In [None]:
%cd ../BackEnd

import json
import pandas as pd
from sqlalchemy.orm import Session
from database import SessionLocal
from models.credit import Credit
from models.person import Person
from models.cast_member import CastMember
from models.crew_member import CrewMember

In [1]:
import json
import pandas as pd
import csv
import os

# CSV file names (these are the same files used for movie credits)
PERSONS_CSV = "persons_temp.csv"
CREDITS_CSV = "credits_temp.csv"
CAST_CSV    = "cast_temp.csv"
CREW_CSV    = "crew_temp.csv"

# Utility functions to load existing keys/pairs from a CSV file
def load_existing_keys(filename, key_index=0):
    keys = set()
    if os.path.exists(filename):
        with open(filename, "r", newline="", encoding="utf-8") as f:
            reader = csv.reader(f)
            next(reader, None)  # skip header
            for row in reader:
                if row and len(row) > key_index:
                    keys.add(row[key_index])
    return keys

def load_existing_pairs(filename, key_index1=0, key_index2=1):
    pairs = set()
    if os.path.exists(filename):
        with open(filename, "r", newline="", encoding="utf-8") as f:
            reader = csv.reader(f)
            next(reader, None)  # skip header
            for row in reader:
                if row and len(row) > key_index2:
                    pairs.add((row[key_index1], row[key_index2]))
    return pairs

# Load global caches from existing CSV files (if any)
global_persons_cache = load_existing_keys(PERSONS_CSV, key_index=0)
global_credits_cache = load_existing_keys(CREDITS_CSV, key_index=0)
global_cast_cache    = load_existing_pairs(CAST_CSV, key_index1=0, key_index2=1)  # (credit_id, person_id)
global_crew_cache    = load_existing_pairs(CREW_CSV, key_index1=0, key_index2=1)  # (credit_id, person_id)

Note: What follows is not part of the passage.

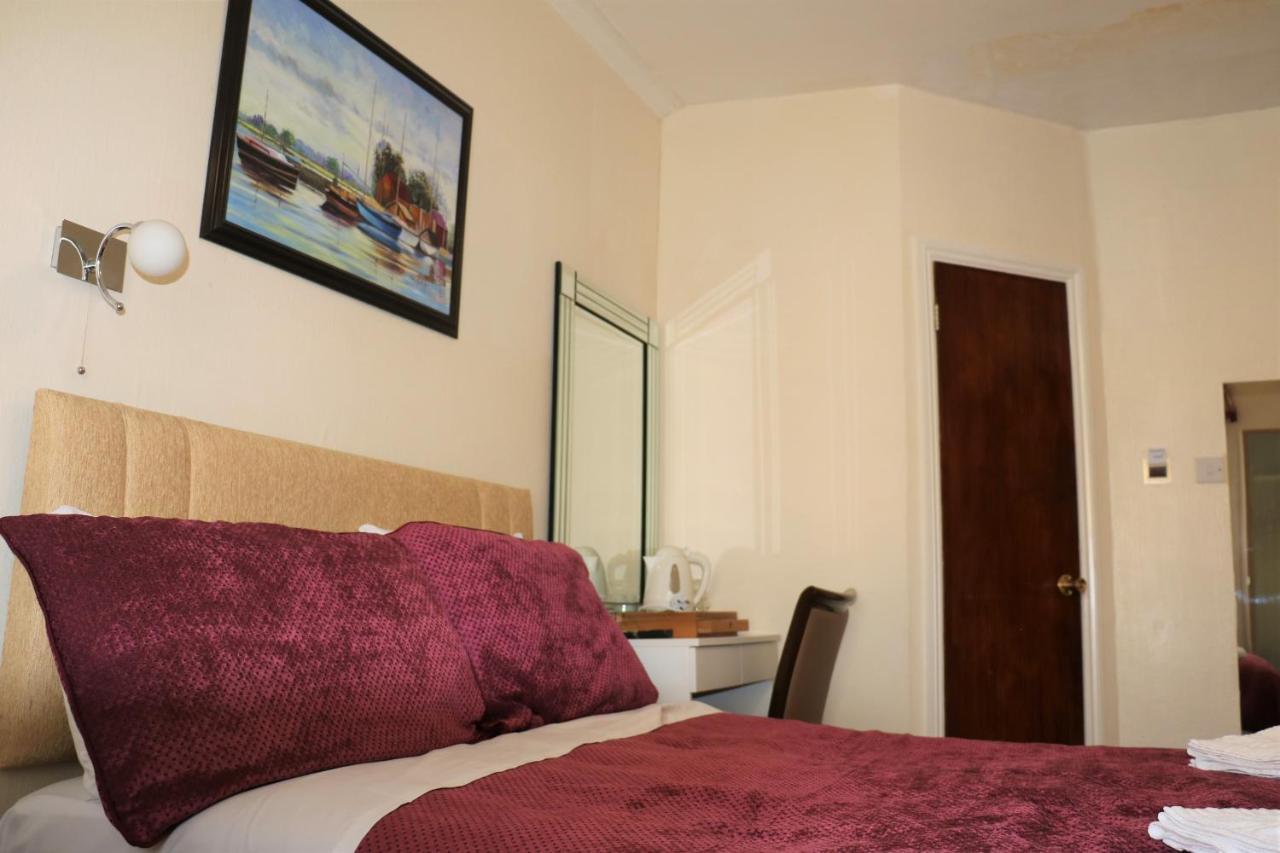 Pensión Barry House 3*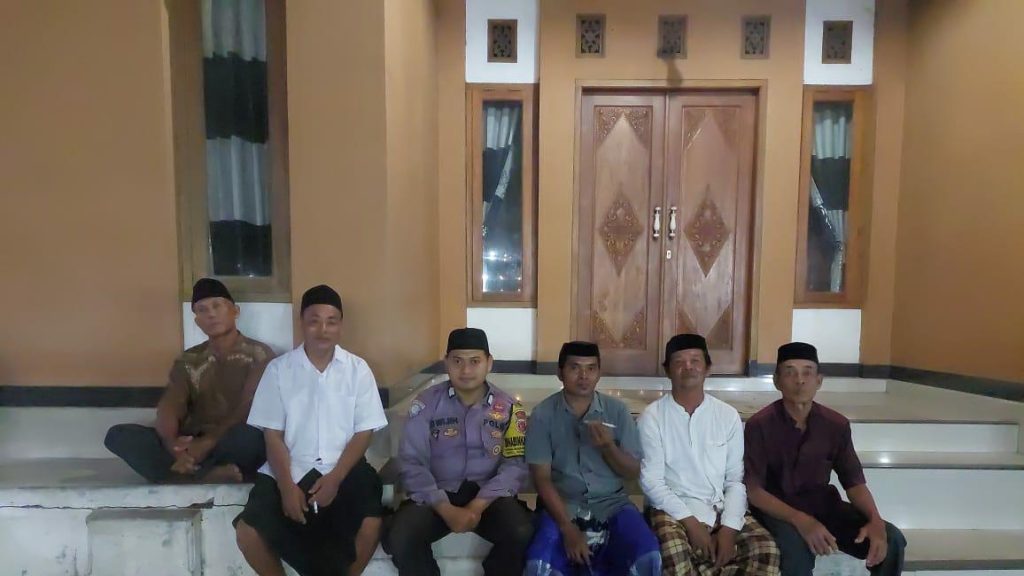 Bhabinkamtibmas kebon baru Polsek Utbar Polres Cirebon Kota Sambang warga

print(f"Loaded {len(global_persons_cache)} persons, {len(global_credits_cache)} credits, "
      f"{len(global_cast_cache)} cast entries, and {len(global_crew_cache)} crew entries from existing CSVs.")

# Open CSV files in append mode (so that new TV data gets added after movie data)
persons_file = open(PERSONS_CSV, "a", newline="", encoding="utf-8")
credits_file = open(CREDITS_CSV, "a", newline="", encoding="utf-8")
cast_file    = open(CAST_CSV, "a", newline="", encoding="utf-8")
crew_file    = open(CREW_CSV, "a", newline="", encoding="utf-8")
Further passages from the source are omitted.